A governance and engineering framework is desired to ensure that all components of AI use occur through a human-centered AI approach. The AI Act is the approach for trustworthy AI use in Europe as described above. There are also a variety of voluntary frameworks to help guide responsible and trustworthy development and use of AI, including the National Institutes of Standards and Technology’s (NIST) AI Risk Management Framework, the Government Accountably Office’s (GAO) AI Accountability Framework, and the OECD’s Principles on Artificial Intelligence. There are also private-sector AI frameworks that address specific industries, cybersecurity concerns, system safety, tool acquisition, and frameworks for rapidly-accelerating agentic systems.
Boards should stay informed about emerging legislation and regulation and adapt quickly should regulatory frameworks evolve. Although some aspects of AI remain unregulated, organizations must create their own guidelines and safeguards to maintain trust with their customers, shareholders, and partners.
Disclosure Imperatives
Adoption of and compliance with the above mentioned, and emerging, laws and frameworks brings various implications for corporate disclosures. The following categories provide a reference for boards and directors of companies deploying, developing, selling, or using AI tools to consider how their company’s use of AI may impact their disclosure obligations.

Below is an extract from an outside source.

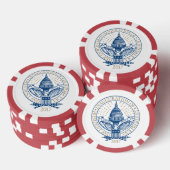 Einweihung des Donald Trump Mike Pence 2017 Logo U Pokerchips (Stapel)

Transparency and Accountability
Organizations deploying AI in cybersecurity can leverage the following best practices to disclose their use of AI-driven tools. This transparency ensures that stakeholders, including customers and investors, understand the technology’s role in security operations. Regulators should also play a crucial role by mandating transparency regarding AI models, training data, and decision-making processes. By doing so, organizations can build trust and demonstrate their commitment to ethical practices.

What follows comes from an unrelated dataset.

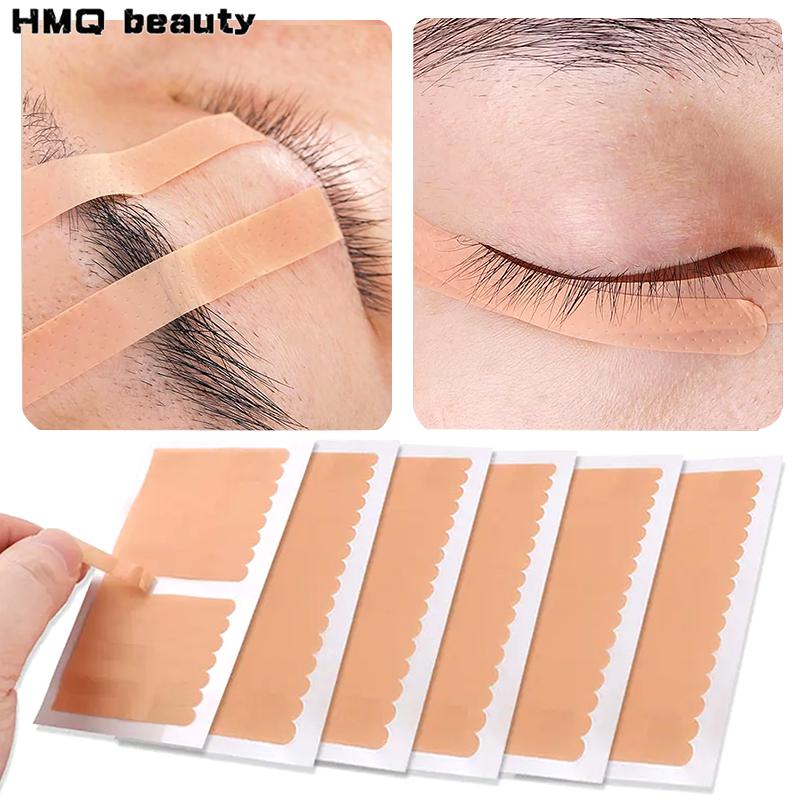 320/80Pcs Eyelash Extension Tape Under Eye Tapes for Grafting Lashes Lint Free Eyelash Patches Lifting Eyelid Tape Makeup Tools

Risk Assessment and Mitigation
When adopting AI, organizations must conduct thorough risk assessments. These assessments should consider both the benefits and limitations of AI in enhancing security. A detailed model for modern cyber-risk assessment is provided under Principles 4 and 5 in the 2023 Director’s Handbook on Cyber-Risk Oversight. Grafting in AI-specific use cases and requirements, as noted above, in the EU Framework and others will help ensure that AI-specific risks are identified and addressed early on in the acquisition life cycle. By disclosing these assessments, organizations can inform stakeholders about potential risks and how they plan to mitigate them. Effective communication around risk management ensures that AI adoption aligns with overall security objectives.

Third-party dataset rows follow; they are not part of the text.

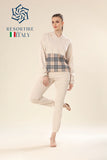 Checkered Comfort Co-ord Set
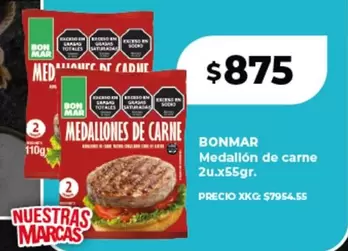Bonmar - Medallón de carne
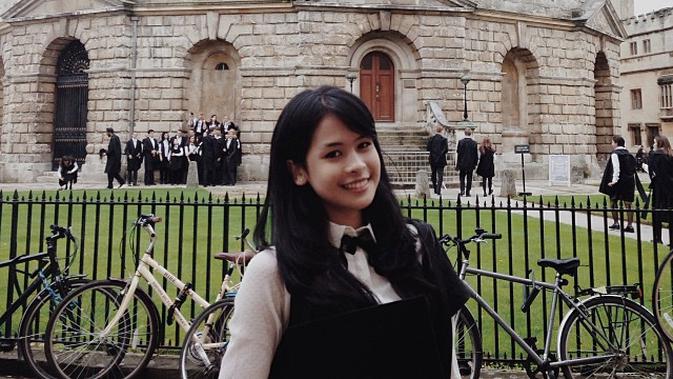 Selain Tak Pernah Pacaran Maudy Ayunda Juga Tidak Gaul Saat Sma News Entertainment Fimela Com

Incident Reporting and AI Failures
Prompt incident reporting is essential when AI-related incidents occur. Organizations should disclose any failures or security breaches promptly. Regulators need mechanisms to track these incidents and assess their impact on overall security. Transparency in reporting ensures that corrective actions can be taken promptly, minimizing harm and maintaining trust. Having human-centered AI principles built into your AI strategy and operations helps to ensure that harms from potential unreliable AI results are quickly addressable.
Imperative for Boards
Corporate oversight of AI in cybersecurity requires a holistic approach that balances strategic opportunities, risk management, and ethical considerations. By recognizing the human dimension of AI and staying informed about regulation, boards can effectively navigate this transformative landscape.